Elinor Mills Former Staff Writer
Elinor Mills covers Internet security and privacy. She joined CNET News in 2005 after working as a foreign correspondent for Reuters in Portugal and writing for The Industry Standard, the IDG News Service and the Associated Press.
Elinor Mills
2 min read

The Business Software Alliance continues to battle distribution of pirated software on peer-to-peer and auction sites.

The trade group served more than 48,000 "takedown" notices related to BitTorrent files in the first half of this year and says BSA members lost an estimated $525 million in sales as a result of peer-to-peer piracy, according to a new BSA report called "Online Software Scams: A Threat to Your Security."
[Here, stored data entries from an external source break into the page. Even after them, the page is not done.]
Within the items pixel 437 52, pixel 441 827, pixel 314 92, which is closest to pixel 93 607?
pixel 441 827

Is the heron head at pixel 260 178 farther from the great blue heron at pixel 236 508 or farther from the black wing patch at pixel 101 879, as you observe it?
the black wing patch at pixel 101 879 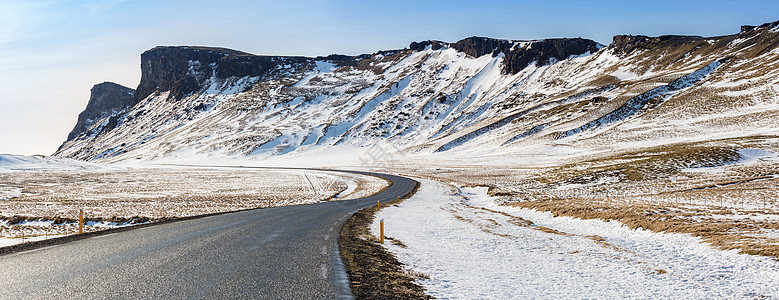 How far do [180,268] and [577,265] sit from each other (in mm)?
10858

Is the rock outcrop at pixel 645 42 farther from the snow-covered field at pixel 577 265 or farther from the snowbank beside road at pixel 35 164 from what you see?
the snowbank beside road at pixel 35 164

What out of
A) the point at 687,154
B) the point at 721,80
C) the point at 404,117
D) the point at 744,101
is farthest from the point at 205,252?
the point at 404,117

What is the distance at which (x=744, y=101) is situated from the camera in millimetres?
100625

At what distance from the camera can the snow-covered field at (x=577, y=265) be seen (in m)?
9.33

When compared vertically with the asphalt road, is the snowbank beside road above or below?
below

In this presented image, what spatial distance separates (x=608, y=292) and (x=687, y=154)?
59504 mm

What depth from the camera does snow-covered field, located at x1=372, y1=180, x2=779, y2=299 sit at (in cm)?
933

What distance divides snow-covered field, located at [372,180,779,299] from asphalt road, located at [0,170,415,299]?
2700mm

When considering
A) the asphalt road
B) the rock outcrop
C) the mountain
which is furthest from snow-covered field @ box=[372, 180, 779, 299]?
the rock outcrop

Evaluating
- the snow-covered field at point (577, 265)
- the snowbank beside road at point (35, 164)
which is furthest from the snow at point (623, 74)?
the snowbank beside road at point (35, 164)

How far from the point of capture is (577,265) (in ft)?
39.8

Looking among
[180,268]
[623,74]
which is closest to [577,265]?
[180,268]

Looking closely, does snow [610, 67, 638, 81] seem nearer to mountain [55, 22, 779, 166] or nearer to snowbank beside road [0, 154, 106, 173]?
mountain [55, 22, 779, 166]

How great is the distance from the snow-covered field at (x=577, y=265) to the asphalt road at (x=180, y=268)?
8.86ft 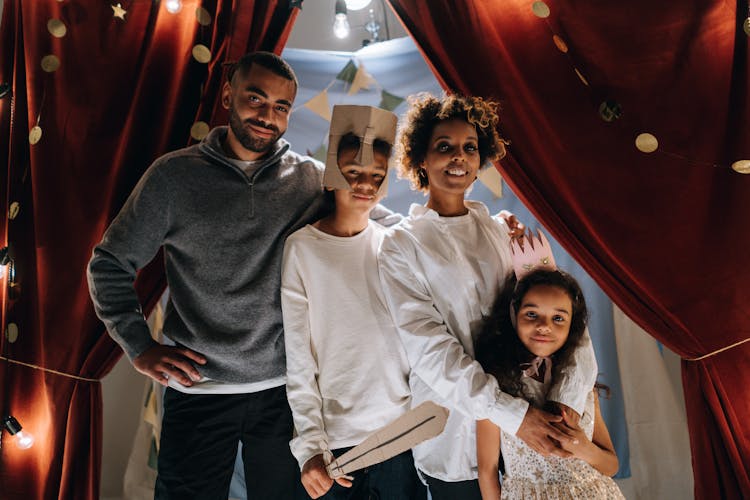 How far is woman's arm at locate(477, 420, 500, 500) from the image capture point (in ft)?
4.54

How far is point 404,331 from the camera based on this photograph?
4.71 ft

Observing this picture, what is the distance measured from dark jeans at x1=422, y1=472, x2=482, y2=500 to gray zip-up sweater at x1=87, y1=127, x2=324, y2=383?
0.48 m

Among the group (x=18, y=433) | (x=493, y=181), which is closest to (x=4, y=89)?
(x=18, y=433)

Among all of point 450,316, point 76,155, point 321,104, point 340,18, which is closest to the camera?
point 450,316

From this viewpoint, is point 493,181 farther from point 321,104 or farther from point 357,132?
point 357,132

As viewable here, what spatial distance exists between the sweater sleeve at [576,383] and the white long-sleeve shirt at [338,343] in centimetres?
35

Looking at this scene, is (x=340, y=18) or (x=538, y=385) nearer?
(x=538, y=385)

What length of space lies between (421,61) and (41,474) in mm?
1895

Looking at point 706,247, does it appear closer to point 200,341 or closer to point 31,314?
point 200,341

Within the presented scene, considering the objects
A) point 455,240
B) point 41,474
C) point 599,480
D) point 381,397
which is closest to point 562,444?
point 599,480

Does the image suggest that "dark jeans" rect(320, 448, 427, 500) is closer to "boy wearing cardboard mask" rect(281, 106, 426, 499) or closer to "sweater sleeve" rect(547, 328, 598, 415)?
"boy wearing cardboard mask" rect(281, 106, 426, 499)

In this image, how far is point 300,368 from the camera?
56.7 inches

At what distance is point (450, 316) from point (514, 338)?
0.52 ft

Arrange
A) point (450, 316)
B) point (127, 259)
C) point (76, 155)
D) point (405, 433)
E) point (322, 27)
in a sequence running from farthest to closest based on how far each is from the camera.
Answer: point (322, 27) < point (76, 155) < point (127, 259) < point (450, 316) < point (405, 433) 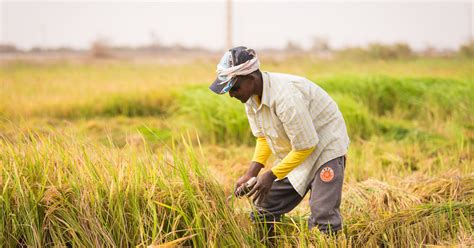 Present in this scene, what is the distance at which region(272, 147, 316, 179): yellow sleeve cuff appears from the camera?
9.09ft

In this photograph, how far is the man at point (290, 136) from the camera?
2.68 meters

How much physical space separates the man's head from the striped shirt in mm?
64

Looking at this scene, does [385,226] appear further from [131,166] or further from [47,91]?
[47,91]

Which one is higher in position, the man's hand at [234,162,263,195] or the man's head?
the man's head

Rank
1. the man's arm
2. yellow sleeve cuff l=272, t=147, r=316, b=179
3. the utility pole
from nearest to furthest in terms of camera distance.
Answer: yellow sleeve cuff l=272, t=147, r=316, b=179 < the man's arm < the utility pole

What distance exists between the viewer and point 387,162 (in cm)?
521

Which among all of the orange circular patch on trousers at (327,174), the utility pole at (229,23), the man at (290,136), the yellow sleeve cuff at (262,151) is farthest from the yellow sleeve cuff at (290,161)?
the utility pole at (229,23)

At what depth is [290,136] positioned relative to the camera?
107 inches

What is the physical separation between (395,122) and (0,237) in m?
5.54

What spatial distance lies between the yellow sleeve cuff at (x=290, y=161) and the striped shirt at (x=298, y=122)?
0.04m

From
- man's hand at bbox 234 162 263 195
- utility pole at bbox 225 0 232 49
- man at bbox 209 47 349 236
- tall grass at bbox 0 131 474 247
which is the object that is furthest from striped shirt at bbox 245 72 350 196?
utility pole at bbox 225 0 232 49

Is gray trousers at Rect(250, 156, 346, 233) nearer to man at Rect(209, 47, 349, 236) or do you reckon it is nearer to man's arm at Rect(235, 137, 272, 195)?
man at Rect(209, 47, 349, 236)

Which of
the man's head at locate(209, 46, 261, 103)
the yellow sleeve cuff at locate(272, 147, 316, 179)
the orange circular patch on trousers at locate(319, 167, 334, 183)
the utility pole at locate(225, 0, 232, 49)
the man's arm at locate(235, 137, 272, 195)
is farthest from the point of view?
the utility pole at locate(225, 0, 232, 49)

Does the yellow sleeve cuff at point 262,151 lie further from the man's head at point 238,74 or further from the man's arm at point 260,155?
the man's head at point 238,74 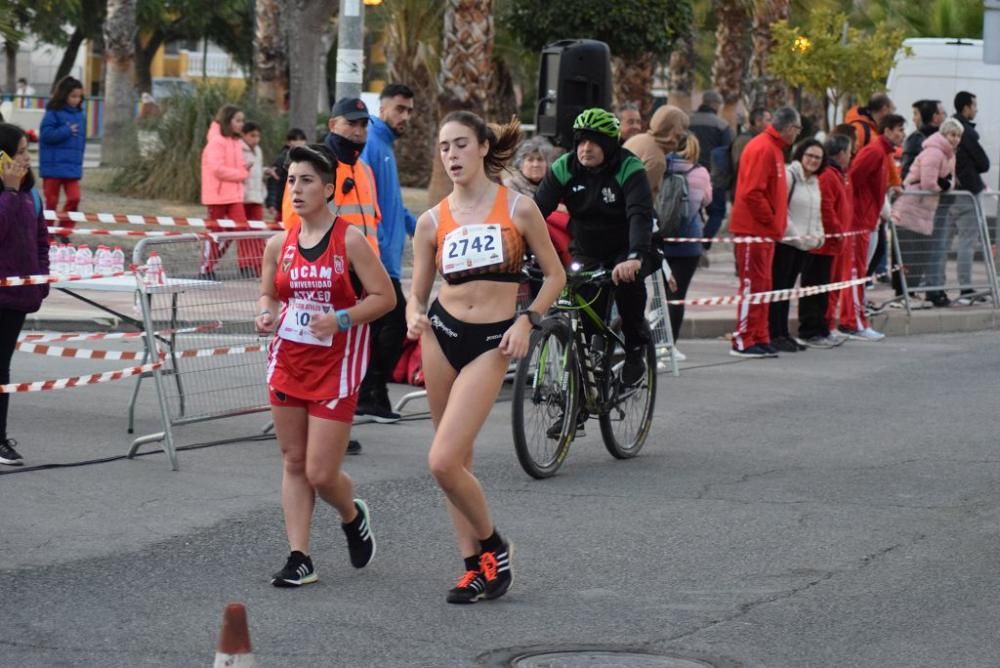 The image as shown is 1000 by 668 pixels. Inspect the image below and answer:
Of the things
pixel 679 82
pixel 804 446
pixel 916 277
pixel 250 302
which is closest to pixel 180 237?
pixel 250 302

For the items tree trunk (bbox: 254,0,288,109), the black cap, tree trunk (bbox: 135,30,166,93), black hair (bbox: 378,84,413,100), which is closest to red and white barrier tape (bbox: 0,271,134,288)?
the black cap

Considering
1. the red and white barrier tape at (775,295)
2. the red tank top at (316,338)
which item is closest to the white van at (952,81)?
the red and white barrier tape at (775,295)

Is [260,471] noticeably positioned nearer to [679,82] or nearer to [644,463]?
[644,463]

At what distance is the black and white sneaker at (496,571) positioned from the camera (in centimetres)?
664

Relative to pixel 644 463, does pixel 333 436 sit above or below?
above

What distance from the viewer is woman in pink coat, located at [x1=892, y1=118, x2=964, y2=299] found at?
17797 mm

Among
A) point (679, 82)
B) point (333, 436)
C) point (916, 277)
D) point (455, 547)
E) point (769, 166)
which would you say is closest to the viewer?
point (333, 436)

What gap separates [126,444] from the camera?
977cm

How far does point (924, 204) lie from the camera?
1788 centimetres

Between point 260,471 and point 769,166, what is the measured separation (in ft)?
20.7

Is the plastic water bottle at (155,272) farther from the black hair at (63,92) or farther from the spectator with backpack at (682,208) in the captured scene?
the black hair at (63,92)

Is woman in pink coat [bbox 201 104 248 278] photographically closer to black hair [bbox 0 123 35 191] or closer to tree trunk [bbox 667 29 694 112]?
black hair [bbox 0 123 35 191]

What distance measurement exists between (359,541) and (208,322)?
3.23 m

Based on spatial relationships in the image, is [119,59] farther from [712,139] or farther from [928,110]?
[928,110] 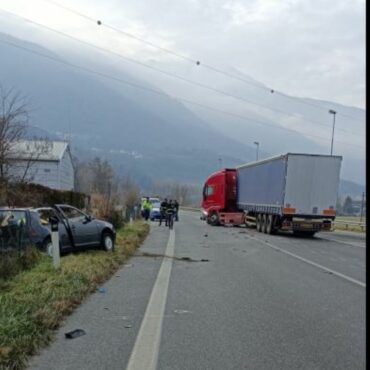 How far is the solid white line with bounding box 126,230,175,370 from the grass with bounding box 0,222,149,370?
3.32 feet

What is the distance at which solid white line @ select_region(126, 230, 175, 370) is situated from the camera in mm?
5488

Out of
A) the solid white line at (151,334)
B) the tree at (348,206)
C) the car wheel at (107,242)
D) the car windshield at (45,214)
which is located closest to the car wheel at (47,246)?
the car windshield at (45,214)

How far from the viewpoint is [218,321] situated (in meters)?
7.34

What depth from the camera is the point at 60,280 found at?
30.5 ft

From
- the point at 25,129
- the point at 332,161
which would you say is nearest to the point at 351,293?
the point at 25,129

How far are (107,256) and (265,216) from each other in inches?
626

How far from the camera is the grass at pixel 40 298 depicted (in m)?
5.71

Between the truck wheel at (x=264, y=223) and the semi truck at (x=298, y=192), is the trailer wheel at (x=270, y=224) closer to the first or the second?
the semi truck at (x=298, y=192)

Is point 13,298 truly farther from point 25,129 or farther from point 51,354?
point 25,129

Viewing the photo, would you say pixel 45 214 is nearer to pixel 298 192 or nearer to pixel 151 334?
pixel 151 334

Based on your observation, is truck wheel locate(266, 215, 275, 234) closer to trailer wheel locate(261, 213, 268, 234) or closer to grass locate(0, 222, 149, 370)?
trailer wheel locate(261, 213, 268, 234)

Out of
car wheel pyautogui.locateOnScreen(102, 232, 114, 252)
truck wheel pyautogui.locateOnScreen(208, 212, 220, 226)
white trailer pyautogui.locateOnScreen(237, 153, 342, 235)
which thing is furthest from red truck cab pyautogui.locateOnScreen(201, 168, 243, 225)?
car wheel pyautogui.locateOnScreen(102, 232, 114, 252)

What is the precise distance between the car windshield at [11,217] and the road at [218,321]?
2588mm

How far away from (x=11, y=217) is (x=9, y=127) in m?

During the first half of this year BSA asked auction site providers to shut down more than 18,000 auctions in which 45,000 products, worth $22 million, were being sold, the report says.

The piracy problem on auction sites is so bad that the Software and Information Industry Association has said it was considering suing eBay.

The BSA warns consumers that buying pirated software can lead to software incompatibility and viruses, increased maintenance costs with no technical support, as well as identity fraud and privacy breaches.

One in five U.S. consumers who bought software online in 2006 reported problems, in a survey conducted by Forrester Research on behalf of the BSA. More than half received software that was not what they ordered; 36 percent said the software didn't work; 14 percent realized immediately that the product was pirated; and 12 percent never received what they ordered, according to the survey.

"Although consumers may think they are getting a great deal when they buy software from unfamiliar sources online, it is more likely they will receive a substandard product with hidden cybersecurity threats that may expose them to identity theft and the loss of thousands of dollars," the report says.